We do this by sharing our data and insights with regulators to identify trends of rogue behaviour, which in turn helps to clamp down against bad actors in the system. This unique perspective means that FSCS is ideally positioned to be at the heart of the debate on helping to address the root causes of consumer detriment and ensuring better consumer outcomes.

Also, where possible and if it’s cost-effective, we seek to recover the money paid in compensation from failed firms and responsible third parties. Our recoveries team plays a crucial part in helping to reduce the levy and holding bad actors to account.

We work closely with other Government agencies, such as the FCA, the Serious Fraud Office and the Insolvency Service, as well as engaging with a wide range of insolvency practitioners to pursue any viable recoveries. Over the years we have pursued recoveries against a variety of assets not only in the UK but across international jurisdictions, including the Caribbean, Turkey, Brazil and many other countries. Between 2015 and last year we recovered over £290m from the estates of failed firms. This was used to offset the levy or returned to consumers with losses above FSCS’s compensation limits.

As I mentioned earlier, reducing the levy in the long term is an important part of our strategy and I can assure you that FSCS is doing everything it can, within the areas that we can control, to address this. We are also open to discussing alternative funding models if the industry collectively believes an alternative would be fairer and more efficient and would welcome suggestions from yourselves on what these alternatives could look like.

But there is no silver bullet and change will not happen overnight. Our data shows us that the lag time in consumers bringing claims to us means that almost 73% of our customers claim at least five years after initial advice has been given.

This is having a huge impact on customers, and we’re hearing heart-breaking stories from people who have lost significant amounts of money, often when they are at, or close to, retirement and unable to recoup these losses.

        
The law must therefore keep up with the increasingly sophisticated techniques and technology used in scams. FSCS, along with the regulators and industry bodies including PIMFA, have come together to support the inclusion of additional measures to address online fraud within the Online Safety Bill. I, like many of you I’m sure, hope to see further progress on this soon. 

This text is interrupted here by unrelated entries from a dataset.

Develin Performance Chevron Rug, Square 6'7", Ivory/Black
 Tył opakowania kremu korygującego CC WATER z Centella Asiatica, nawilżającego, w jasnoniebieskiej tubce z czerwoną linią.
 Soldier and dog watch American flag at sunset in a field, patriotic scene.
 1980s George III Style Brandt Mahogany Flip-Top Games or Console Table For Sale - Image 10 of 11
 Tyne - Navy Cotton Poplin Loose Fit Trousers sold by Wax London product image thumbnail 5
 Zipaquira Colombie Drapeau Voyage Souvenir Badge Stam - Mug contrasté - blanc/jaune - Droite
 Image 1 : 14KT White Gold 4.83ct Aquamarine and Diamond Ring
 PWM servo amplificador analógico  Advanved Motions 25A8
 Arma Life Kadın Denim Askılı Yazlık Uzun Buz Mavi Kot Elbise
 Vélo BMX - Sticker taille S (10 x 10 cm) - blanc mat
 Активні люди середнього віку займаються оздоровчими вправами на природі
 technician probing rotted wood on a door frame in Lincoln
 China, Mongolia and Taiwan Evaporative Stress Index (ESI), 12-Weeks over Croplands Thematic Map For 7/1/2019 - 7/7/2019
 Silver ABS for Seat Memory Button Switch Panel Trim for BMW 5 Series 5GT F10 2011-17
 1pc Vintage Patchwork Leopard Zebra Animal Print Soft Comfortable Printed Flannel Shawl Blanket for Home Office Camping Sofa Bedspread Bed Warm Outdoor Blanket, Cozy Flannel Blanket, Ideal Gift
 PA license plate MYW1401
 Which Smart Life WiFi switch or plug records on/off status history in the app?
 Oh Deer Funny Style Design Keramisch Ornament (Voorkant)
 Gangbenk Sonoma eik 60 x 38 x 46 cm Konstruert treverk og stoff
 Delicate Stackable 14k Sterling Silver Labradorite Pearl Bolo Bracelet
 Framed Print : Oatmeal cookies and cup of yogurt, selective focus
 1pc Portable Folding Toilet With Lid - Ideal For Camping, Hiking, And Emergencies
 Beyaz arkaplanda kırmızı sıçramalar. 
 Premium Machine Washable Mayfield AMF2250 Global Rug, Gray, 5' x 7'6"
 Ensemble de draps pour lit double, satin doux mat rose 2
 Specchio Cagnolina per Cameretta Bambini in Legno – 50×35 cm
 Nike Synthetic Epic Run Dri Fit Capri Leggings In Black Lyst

So to conclude, if the UK’s compensation framework is to continue to fulfil its important role of helping to enhance trust in UK financial services and drive a healthy and prosperous economy, we will need to be bold and continue to encourage innovation in tackling bad actors and the harm that they cause to consumers and the levy.  

As we go forward, our shared goal must be to ensure that consumers have the confidence, skills and the safeguards of a strong regulatory regime in all their dealings with the financial industry.  This will hopefully mean that whilst they benefit from the trust and confidence that our protection provides, they have no need to become a customer of FSCS. That way, we all win. 

Thank you for listening and I hope you enjoy the rest of your evening.